Une fois de plus, dans cette maison meublée pour elle, meublée par elle devant le cercueil de cette femme que des amis pleurent plus sincèrement que des parents, de cette femme sans famille qui avait su se faire une famille de ses amis, je pensais à la fragilité de la vie, et pourtant nous nous conduisons toujours et quand même comme si nous ne devions mourir jamais. Quel est l'homme intelligent, aussi âgé soit-il, s'il a conservé son intelligence qui ne s'écrie, lorsqu'il se sent touché à mort : "J'avais encore tant de projets !"

 

[1]    Suivi par : "d'une part", raturé.

[2]    Suivi par : "d'autre part", raturé.

[3]    Suivi par : "d'une part l'ancien esprit national", raturé.

[4]    Suivi par : "Il ne s'agit pas de sculpter", raturé.

[5]    Au lieu de : "ou bien les dates événe[mentielles]", raturé.

[6]    Augustin Thierry, Essai sur l'histoire de la formation et des progrès du tiers état, Paris, 1853.

[7]    Au lieu de : "pour le développement de la lutte pour les progrès civils et politiques", raturé.

[8]    Au lieu de : "dans cet agrandissement", raturé.

[9]    Au lieu de : "mettre là", raturé.

[10]  Suivi par : "les trois premiers", raturé.

[11]  Au lieu de : "sans doute", raturé.

[12]  Suivi par : "La France échappant au joug de l'Angleterre pour toujours", raturé.

[13]  Suivi par : "dont on peut dire que", raturé.

[14]  Hôpital français de Buenos-Ayres (Monument aux morts del’).

[15]  Boulogne-Billancourt (Monument aux morts de).

[16]  Il s'agit d'un monument aux morts pour Gallargues.

[17]  Au lieu de : "ça pourrait être", raturé.

[18]  Suivi par : "à ceux-ci comme à la plupart des autres", raturé.

[19]  Au lieu de : "Comme un cheval mal conduit, ils brisent leurs brancards", raturé.

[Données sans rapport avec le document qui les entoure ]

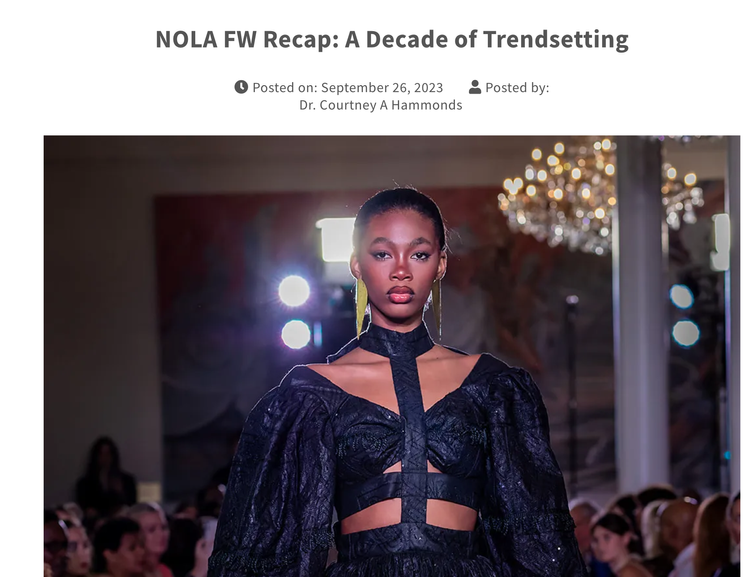 A female model walking the runway at a fashion show, wearing a dark, Gothic-inspired outfit with cutouts and puffed sleeves, with bright lights and chandeliers in the background, and an audience watching.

[20]  Suivi par : "Car s'il n'y a pas de chef...", raturé.

[21]  Suivi par : "de nos plus lointains ancêtres", raturé.

[22]  Précédé par : "Mais", raturé.

[23]  Paris, 1920.

[24]  Au lieu de : "nous les considérons", raturé.

[25]  Philippe Barry Martin-Delongchamp.

[26]  Précédé par : "Ce matin, monté dans", raturé.

[27]  Au lieu de : "la petite folie", raturé.

[28]  Suivi par : "Ça sera cher, mais ça doit en", "Pour clôturer", raturé.

[29]  Suivi par : "C'est quand même très grave", raturé.

[30]  Dans le manuscrit : "M. Fazy ( ?)"

[31]  Au lieu de : "d'aussi fortes", raturé.

[32]  Au lieu de : "C'est toujours comme ça quand on revient", raturé.

[33]  Au lieu de : "En vantant", raturé.

[34]  Hélène de Brancovan, princesse Alexandre de Caraman-Chimay.

[35]  Suivi par : "une façon de les", raturé.

[36]  Au lieu de : "casque", raturé.

[37]  Suivi par : "un ménage de", raturé.

[38]  Suivi par : "en petit comité", raturé.

[39]  Suivi par : "Ils sont là tous les quatre", raturé.